I cannot help but to feel blue today. For today, Bill and I would be celebrating our 19th anniversary.
It is the end of an era.
For an idea of how long we were together, dial-up Internet was still a thing, and 9/11 hadn’t happened yet.
Bill has been a part of my daily life for so long, and now that he is gone, I miss him so much.
He was truly special. He was everything I could have hoped for, and these have been the best 19 years I have ever known. The heartache that I am going through today, I would not trade it for anything in the world.
Bill was the great love of my life. He really was.

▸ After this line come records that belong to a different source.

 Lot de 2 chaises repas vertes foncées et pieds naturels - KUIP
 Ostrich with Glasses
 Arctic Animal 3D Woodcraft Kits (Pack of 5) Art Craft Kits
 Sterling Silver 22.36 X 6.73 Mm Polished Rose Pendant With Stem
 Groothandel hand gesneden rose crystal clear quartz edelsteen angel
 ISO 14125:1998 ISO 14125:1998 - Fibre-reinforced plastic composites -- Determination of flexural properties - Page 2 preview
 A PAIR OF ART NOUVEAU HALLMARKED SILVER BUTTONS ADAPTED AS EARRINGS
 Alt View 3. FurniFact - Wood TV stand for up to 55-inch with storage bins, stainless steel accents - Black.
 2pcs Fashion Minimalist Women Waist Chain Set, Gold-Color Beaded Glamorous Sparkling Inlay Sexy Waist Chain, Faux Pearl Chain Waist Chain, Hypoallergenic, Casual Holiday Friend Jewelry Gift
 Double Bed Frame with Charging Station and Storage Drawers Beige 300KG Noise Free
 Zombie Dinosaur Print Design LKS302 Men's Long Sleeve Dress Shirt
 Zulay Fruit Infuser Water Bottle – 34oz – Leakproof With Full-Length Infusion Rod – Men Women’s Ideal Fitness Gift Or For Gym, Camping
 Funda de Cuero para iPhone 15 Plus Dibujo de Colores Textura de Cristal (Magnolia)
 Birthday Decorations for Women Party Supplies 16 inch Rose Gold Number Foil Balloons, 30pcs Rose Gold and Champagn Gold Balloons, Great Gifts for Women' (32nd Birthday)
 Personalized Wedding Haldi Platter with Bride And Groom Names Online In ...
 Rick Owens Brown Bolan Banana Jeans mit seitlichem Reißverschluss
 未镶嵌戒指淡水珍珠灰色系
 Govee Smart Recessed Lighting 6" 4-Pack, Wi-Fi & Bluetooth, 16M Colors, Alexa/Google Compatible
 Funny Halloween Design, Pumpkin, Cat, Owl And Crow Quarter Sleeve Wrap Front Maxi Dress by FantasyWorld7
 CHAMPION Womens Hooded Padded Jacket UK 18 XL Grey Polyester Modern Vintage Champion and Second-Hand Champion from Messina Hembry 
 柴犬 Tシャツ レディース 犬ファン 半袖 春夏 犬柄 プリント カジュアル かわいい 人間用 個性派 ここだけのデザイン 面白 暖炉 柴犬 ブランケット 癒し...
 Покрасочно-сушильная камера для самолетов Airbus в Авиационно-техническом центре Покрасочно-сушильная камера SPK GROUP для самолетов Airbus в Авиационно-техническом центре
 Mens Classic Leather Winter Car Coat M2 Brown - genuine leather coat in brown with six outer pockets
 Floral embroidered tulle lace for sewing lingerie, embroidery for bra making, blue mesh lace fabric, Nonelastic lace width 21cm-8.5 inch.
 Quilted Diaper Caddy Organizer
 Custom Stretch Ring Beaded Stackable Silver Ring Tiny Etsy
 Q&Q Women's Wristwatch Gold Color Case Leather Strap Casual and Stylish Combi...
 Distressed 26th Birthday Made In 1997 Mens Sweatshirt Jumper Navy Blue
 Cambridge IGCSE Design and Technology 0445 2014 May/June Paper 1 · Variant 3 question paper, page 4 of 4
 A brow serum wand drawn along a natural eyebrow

He was my sunshine, and he brought so much joy, and beauty into my life. He was my companion, my best friend and partner. He loved me unconditionally like no one else could, and he accepted me as I am, despite all my flaws and weaknesses.
How does one replace something like that? The short answer is, you don’t.
It’s the little things about Bill that I miss the most. I miss talking to him after a long day at work. I miss his cooking. He made the best cioppino.
I miss our Saturday "date" nights, where we would explore a new restaurant together, and listen to romantic music in the car.
I miss hugging and holding him, and the great affection that we shared.
I really miss his energy. Even at ninety-two, he had such a youthful spirit, I really thought he would live to be one hundred. He always had a positive outlook on life.
I was looking forward to enjoying the back garden with him this summer. The roses are now in bloom, and the garden looks as beautiful as ever.
And we had planned on a “farewell tour" together – a trip across Canada by train to Lake Louise.
When we first met, I was graduating from college, and we had our "honeymoon" in Victoria, B.C.
We met online, we wrote, we exchange letters and greeting cards the old fashioned way. We finally met, and just a day later, we fell in love at Butchart gardens. Even back then he was very fond of flowers.
It reflected who he was. The beauty and grace in his soul.
He was a true romantic at heart...
Bill and I never married due our age difference and socially accepted norms, but we loved each other very much.
And towards the end, he didn't care who knew about us. It was about being happy.
And indeed he was. He figured out the secret to being happy. And it was in the service of others...
Innately, Bill figured this concept out long ago. He figured out that being in the service of others, it would be fulfilling, give him purpose, and bring him happiness.
And that’s how he lived his life. He was a selfless individual.
A couple weeks before he passed, I asked him if there was anything else he wanted to accomplish – if he had anything else to cross off his bucket list.
And he told me that he had lived a full life. He saw the world. And he had a life surrounded by friends who loved him, and dear friends whom he loved. He was happy and he was content.
I am sad now that he is gone. But I am happy that he was happy. He passed on relatively pain free, and he lived a wonderful life.
I am always going to miss him. I've been so blessed to have been a special part of his life, and now I try to carry on without him.
I am weary tonight, after two very difficult months, but as time goes by, I will share more of the life I knew with Bill, and the wonderful, loving and exceptional person he really was.